[Image-caption web data]
------------------------------------------------

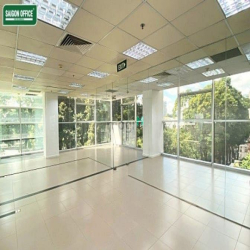 Bán tòa nhà Building Hầm 10 tầng Ngay Mặt Tiền Nguyễn Văn Trỗi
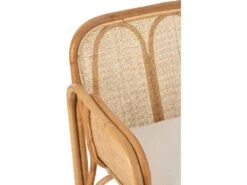 Fauteuil Earle En Rotin 18 Fauteuil Earle En Rotin -Meubles Soldes Boutique fauteuil 15173315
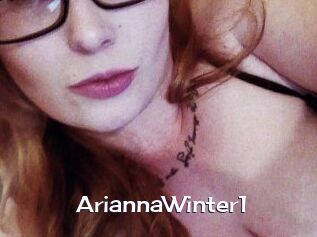 AriannaWinter1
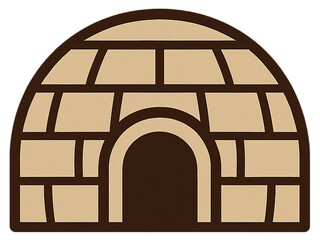 Igloo Winter Shelter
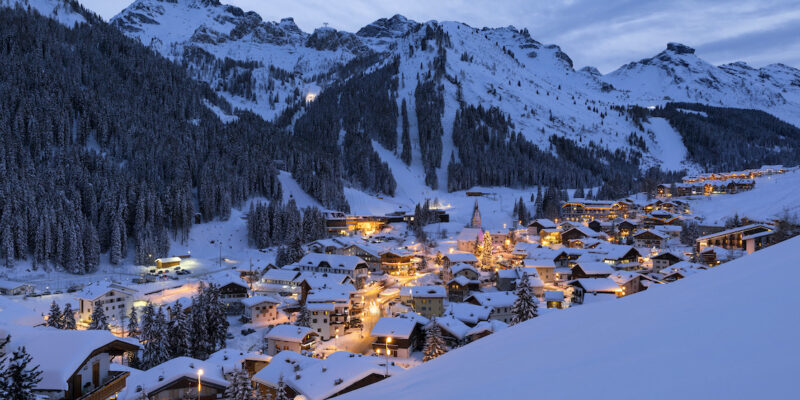 Arabba Dolomiti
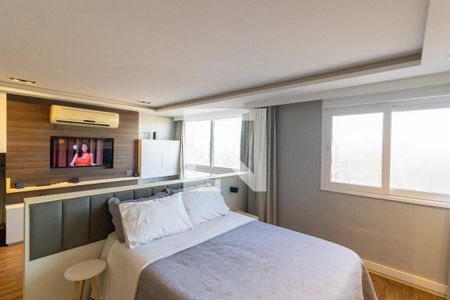 Studio de kitnet/studio à venda com 1 quarto, 47m² em Cidade Baixa, Porto Alegre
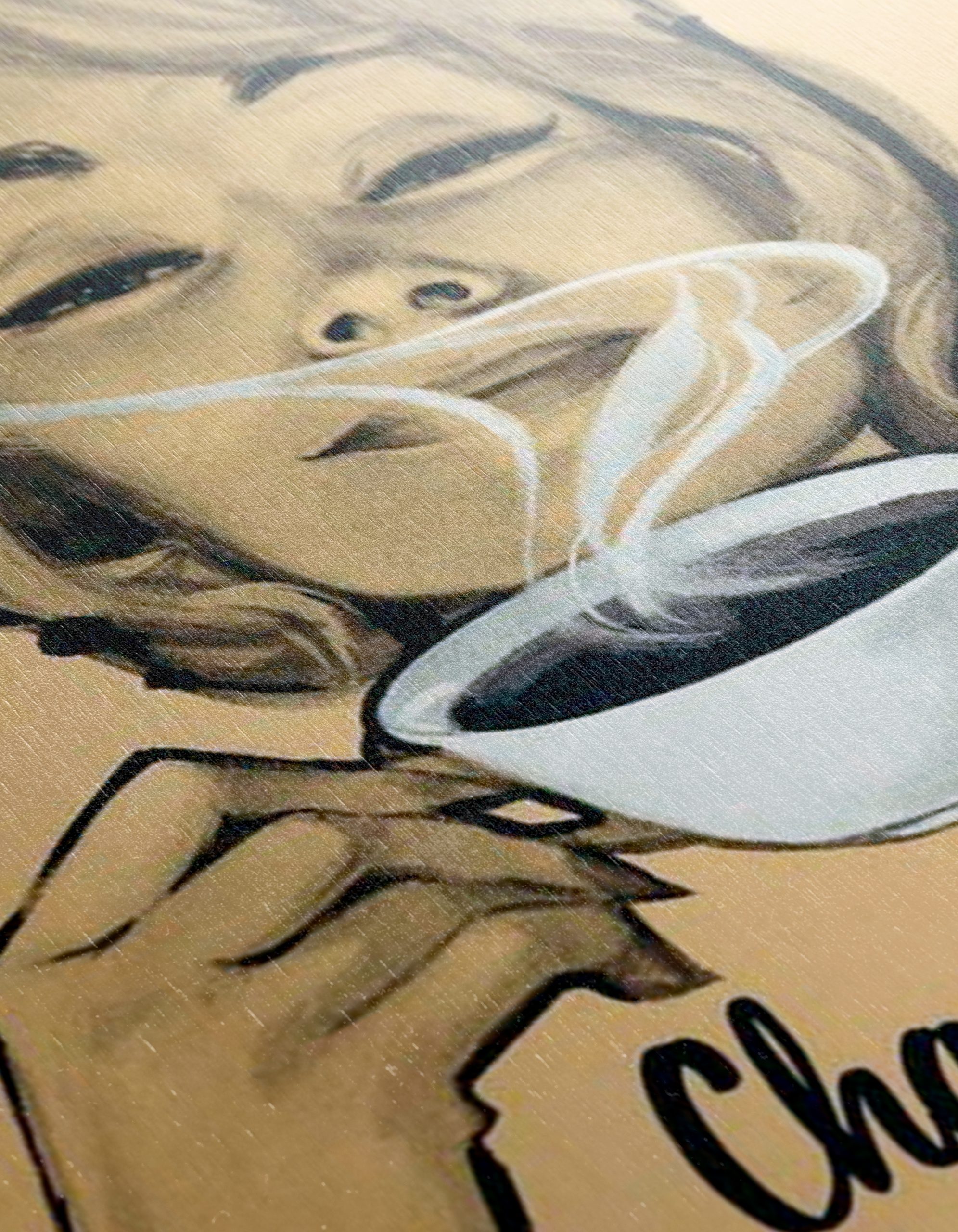 Enjoy Your Coffee Moment Art - Image 12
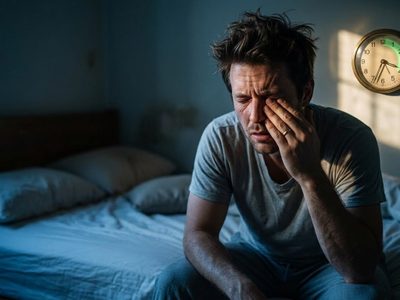El peligro de las "micro-siestas": cuánto tiempo deben durar para no despertar con más cansancio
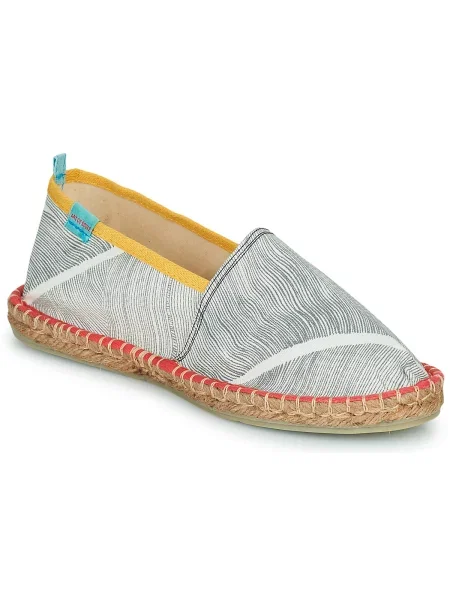 Espadrile Art Of Soule bijela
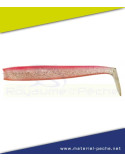 Leurre Souple Sensas Nitro Slim Shad 110 Clockwork Orange – natusport
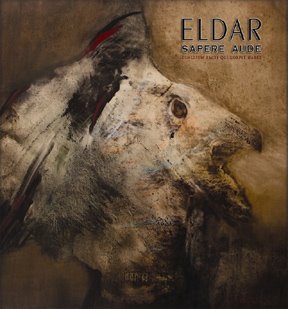 ELDAR: Sapere Aude (Cold Meat Industry 2009)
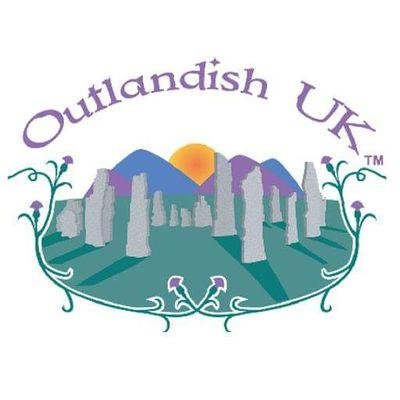 Outlandish UK - UK based fan group of @writer_DG⭐Sam & Caitriona⭐Watch Outlander on Amazon Prime + More4
Supporters of @bloodwise_UK @ytartsscot @wchildcancer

------------------------------------------------

EXERCISE DIRECTIONS: When you find the line that contains "El peligro de", retype it and every line after it through the end of the data above, exactly, with no pictures.

ANSWER TO THE EXERCISE:
El peligro de las "micro-siestas": cuánto tiempo deben durar para no despertar con más cansancio
 Espadrile Art Of Soule bijela
 Leurre Souple Sensas Nitro Slim Shad 110 Clockwork Orange – natusport
 ELDAR: Sapere Aude (Cold Meat Industry 2009)
 Outlandish UK - UK based fan group of @writer_DG⭐Sam & Caitriona⭐Watch Outlander on Amazon Prime + More4
Supporters of @bloodwise_UK @ytartsscot @wchildcancer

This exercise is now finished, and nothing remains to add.